Sunday, November 28, 2010

Scripture genres

Our adult Sunday school class has been studying Making Sense of Scripture by David Lose. One of the exercises focused on think of scripture in terms of genre. A text has a different meaning whether it is poetry, letter, etc. The class broke into smaller groups to retell Luke 15:11-32 in different genres—supermarket tabloid and fairy tale. Here are the fun results (my best attempt at transcribing the handwritten poster sheets):

Squandered his money on lurid living and loose women.
Dad is ecstatic at return of wayward ways and throws a block party with finest food.
Older son refuses to attend party for jackass brother.
Father tries to sooth ruffled feathers with love, apparently to no avail.
Is younger son’s conversion true, or was he just hungry and returning to Daddy with his tail between his legs? More of the story continues at www dot the bible revealed dot com.

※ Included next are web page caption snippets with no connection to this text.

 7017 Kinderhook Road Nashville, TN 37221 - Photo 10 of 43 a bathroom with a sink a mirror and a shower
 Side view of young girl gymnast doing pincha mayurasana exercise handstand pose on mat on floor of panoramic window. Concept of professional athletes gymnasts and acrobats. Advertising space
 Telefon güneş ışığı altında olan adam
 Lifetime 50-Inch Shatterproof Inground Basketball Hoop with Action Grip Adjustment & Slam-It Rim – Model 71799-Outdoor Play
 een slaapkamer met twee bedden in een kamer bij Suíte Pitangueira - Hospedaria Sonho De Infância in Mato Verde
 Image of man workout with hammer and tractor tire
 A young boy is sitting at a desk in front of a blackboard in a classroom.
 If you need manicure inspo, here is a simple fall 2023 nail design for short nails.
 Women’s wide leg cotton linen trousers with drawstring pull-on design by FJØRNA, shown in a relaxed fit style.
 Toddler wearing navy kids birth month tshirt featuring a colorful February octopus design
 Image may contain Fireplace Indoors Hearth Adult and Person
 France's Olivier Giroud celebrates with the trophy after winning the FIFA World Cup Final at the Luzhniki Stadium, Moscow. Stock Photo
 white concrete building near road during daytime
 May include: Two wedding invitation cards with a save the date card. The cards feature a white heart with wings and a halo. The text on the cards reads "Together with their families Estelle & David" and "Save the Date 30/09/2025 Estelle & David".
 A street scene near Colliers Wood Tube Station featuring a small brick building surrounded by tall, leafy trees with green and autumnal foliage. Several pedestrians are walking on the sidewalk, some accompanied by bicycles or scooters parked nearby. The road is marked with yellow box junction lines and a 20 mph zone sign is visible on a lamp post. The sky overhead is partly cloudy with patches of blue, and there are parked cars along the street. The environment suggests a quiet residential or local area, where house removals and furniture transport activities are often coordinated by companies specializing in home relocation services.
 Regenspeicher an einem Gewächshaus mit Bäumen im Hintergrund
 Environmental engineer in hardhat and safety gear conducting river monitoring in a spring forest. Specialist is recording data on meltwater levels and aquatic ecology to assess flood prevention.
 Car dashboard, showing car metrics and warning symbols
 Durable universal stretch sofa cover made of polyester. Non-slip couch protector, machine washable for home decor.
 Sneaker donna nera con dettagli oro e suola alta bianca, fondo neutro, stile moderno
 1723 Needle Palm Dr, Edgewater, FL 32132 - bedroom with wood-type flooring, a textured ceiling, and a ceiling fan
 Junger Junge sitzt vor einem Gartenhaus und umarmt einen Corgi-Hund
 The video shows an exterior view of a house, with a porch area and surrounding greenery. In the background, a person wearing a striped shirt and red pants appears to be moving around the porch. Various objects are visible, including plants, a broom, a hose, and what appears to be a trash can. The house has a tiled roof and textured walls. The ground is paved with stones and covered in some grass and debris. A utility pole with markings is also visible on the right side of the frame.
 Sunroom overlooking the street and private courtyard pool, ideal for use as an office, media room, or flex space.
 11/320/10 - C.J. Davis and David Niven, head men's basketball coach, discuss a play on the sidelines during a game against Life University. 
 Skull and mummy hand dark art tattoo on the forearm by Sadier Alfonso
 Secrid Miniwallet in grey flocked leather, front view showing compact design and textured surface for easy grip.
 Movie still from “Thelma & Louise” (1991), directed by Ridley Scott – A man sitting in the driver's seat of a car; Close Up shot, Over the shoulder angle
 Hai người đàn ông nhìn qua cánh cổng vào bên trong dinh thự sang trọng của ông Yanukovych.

Decide which is the Good Son
Once upon a time, Father had two sons. The young son got bored with chores and wanted his money now. The younger son thought life wasn’t entertaining, and told his father he wanted out. Father tried to dissuade the son, but eventually gave in.

He was feeding hogs, and one turned to a witch and said, “Get yourself together or I will turn you into a pig and send you over a cliff.” The son was defeated and said, “I must apologize and make amend before my father will accept me.” He got home and Father was so glad to see him; he accepted him back and gave him a part and fine clothes. The older son was PO’d, saying, “I stay here and sweat and get nothing; he is a jerk, leaves, spends all and now wants back and now gets more.”

Father is the Good Fairy and welcomes all together and tries to convince older son that this was OK. The Older son does not hear any of it. He becomes estranged from his his brother and very distant from Father. But Good Fairy came and waved a wand and the brothers started working out their differences before the brother died. And they lived happily ever after. The end.